__YOUR INSTRUCTIONS__. Quote the listing below in full and exactly as written, but omit every picture.

__DATA__.
════════════════════
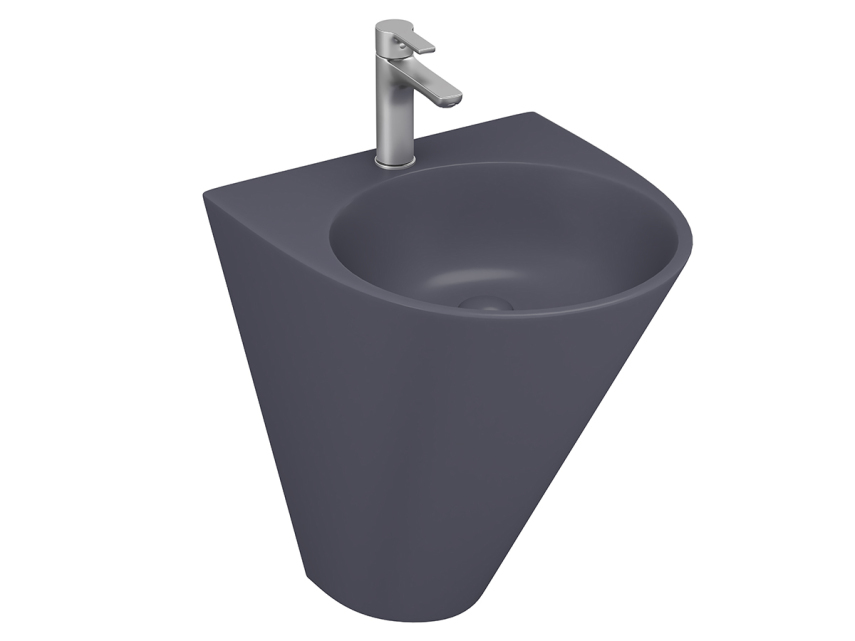 Lucco Garcia Asma Monoblok Lavabo 48 cm, Mat Antrasit - Lucco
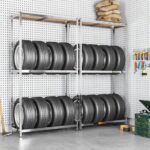 2-Layer Tire Racks 2pcs Silver 110x40x180cm Steel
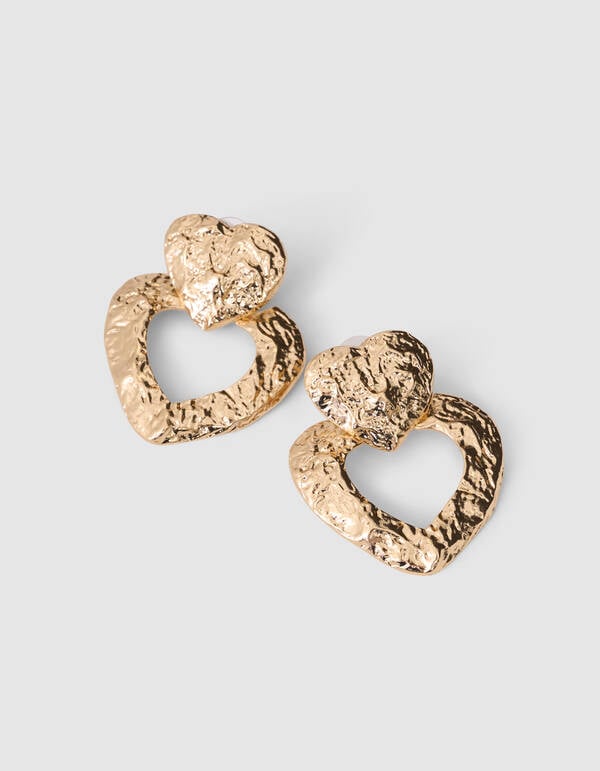 Doppelherz-Ohrringe Gold SHOEBY ACCESSOIRES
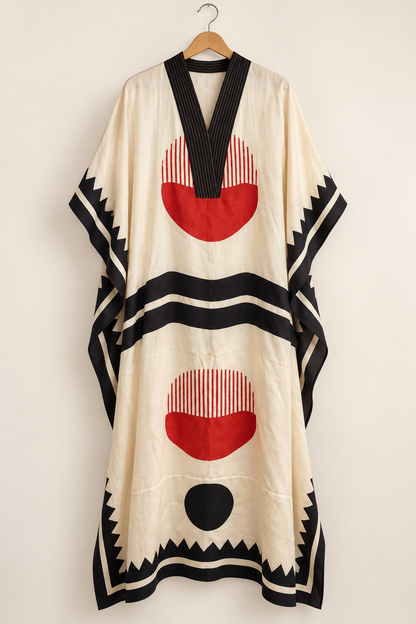 Ivory Geometric Modal Silk Kaftan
════════════════════
__RESPONSE BELOW__.
 Lucco Garcia Asma Monoblok Lavabo 48 cm, Mat Antrasit - Lucco
 2-Layer Tire Racks 2pcs Silver 110x40x180cm Steel
 Doppelherz-Ohrringe Gold SHOEBY ACCESSOIRES
 Ivory Geometric Modal Silk Kaftan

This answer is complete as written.